Языку Библии следовало быть четким и ясным, не допускающим разных толкований. Правописание и произношение следовало сделать единообразными, возникла необходимость в пунктуации. Но это еще не все, ибо библейский текст означает больше того, что передается значением составляющих его слов. Этот текст содержит множество истин – и тех, что лежат на поверхности, и тех, что глубоко сокрыты. Библейский текст должен быть совершенным, ибо несовершенный текст утрачивает информацию, жизненно важную для божественного послания, в нем заключенного. Суть не в том, что мы обязаны знать точное значение слов, говорит еврейская традиция, поскольку мы не знаем, да и не можем знать в точности, что эти слова означают; возможно, когда-то и знали, возможно, когда-нибудь узнаем вновь, но пока что информацию необходимо сохранить, даже если она недоступна нашему пониманию. За крошечным знаком, который, продлив гласную, лишь чуть-чуть изменит произношение слова (например, звук «а» приобретет долготу), может скрываться бесценный и тайный смысл. То же может относиться и к загадочным пятнадцати точкам над некоторыми словами или к неясным указаниям для писцов, чтобы те выписывали одни буквы большими, а другие маленькими. Потеряв эти знаки и указания, мы утратим знание, которое Бог пожелал нам дать, даже если нам неведомо, как им распорядиться.
Одно из преданий гласит, что мудрец Акива, живший во времена римского владычества, придавал значение не только отдельным буквам, но и крошечным каллиграфическим украшениям – «коронам букв». Даже и они имели значение. Другое предание говорит, что Пятикнижие Моисеево – на самом деле одно-единственное бесконечно длинное слово, означающее имя Божие, а это служит еще одним способом указать нам, что в тексте ничего нельзя менять. Согласно еще одному толкованию, создавая свет, Бог не просто взял и сотворил его. Он сначала сказал: «Да будет свет». То есть Он сотворил мир словами, которые явились как бы программой творения, заключающей в себе суть мироздания. Любая особенность текста, какой бы ничтожной она ни казалась нам, неразумным, есть часть божественного кода.

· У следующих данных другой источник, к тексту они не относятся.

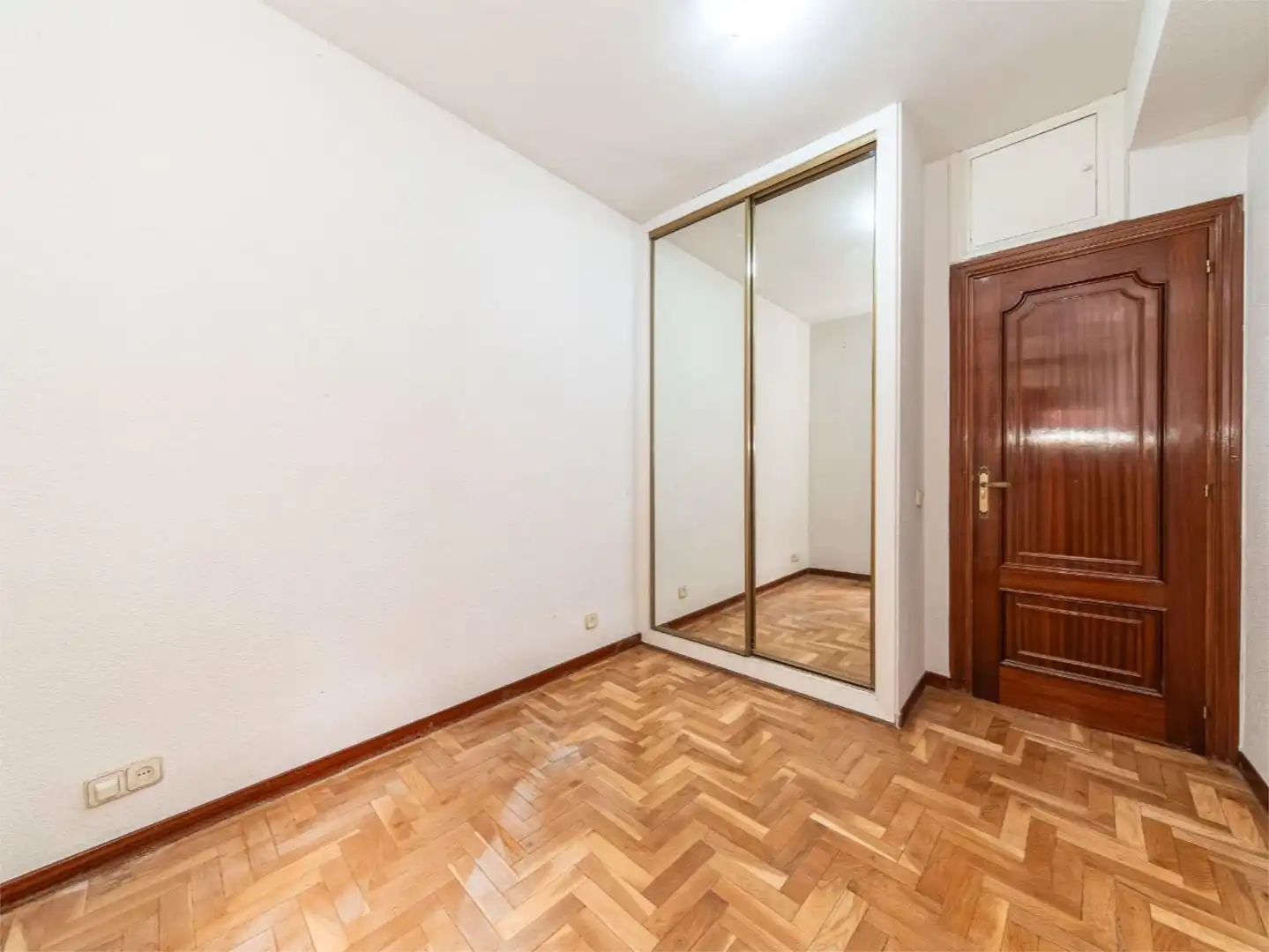 Piso en venta en Calle Fernán Caballero, 26, Comillas Habitación de Piso en venta en Madrid Capital con Aire acondicionado y Balcón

С момента разрушения Храма минули столетия, и вот горстка ученых мужей из Тверии взялась за создание текста Библии, который стал бы непререкаемым авторитетом; они изобрели систему крошечных линий, крючков и точек, служащих для обозначения гласных и кантилляции – мелодии воспроизведения текста, а также пунктуации и ударения. Проект, который потребовал столетия для своего воплощения, известен под названием Масора (от древнееврейского слова со значением «передавать»). Цель этого труда заключалась в том, чтобы собрать и записать устные предания, добиться единодушия там, где были расхождения, и в конечном счете создать текст Библии, который стал бы эталоном для всех остальных.
Из всех ученых, принимавших участие в этой работе, наиболее известными были отпрыски династии Бен-Ашер, давшей миру пять или шесть поколений ученых. Самый знаменитый среди них, Аарон, и завершил этот процесс совершенствования библейского текста. В более поздние времена было создано немало библейских кодексов, и некоторые из них, отличавшиеся особо высоким качеством, стали называться коронами Торы или просто коронами. Но только этот «Кодекс», плод сотен лет ученых трудов, самый точный и самый знаменитый из всех, получил известность как «Корона» с большой буквы. И хотя существуют десятки тысяч списков Торы, «Корона» только одна.
Мудрец Аарон Бен-Ашер и скорописец Шломо Бен-Буяа трудились совместно много лет. Так как книге предстояло стать эталоном и справочным пособием, а не ритуальным предметом для чтения в синагоге, ее не надо было выполнять в форме свитка; к этому времени документы в виде свитков уже не использовались. Вместо этого предполагалось изготовить переплетенный кодекс, придав ему вид того, что сегодня и называется книгой. Такая форма позволяла ученым с легкостью переходить от одного места в тексте к другому, не раскатывая вперед-назад многометровые свитки пергамента.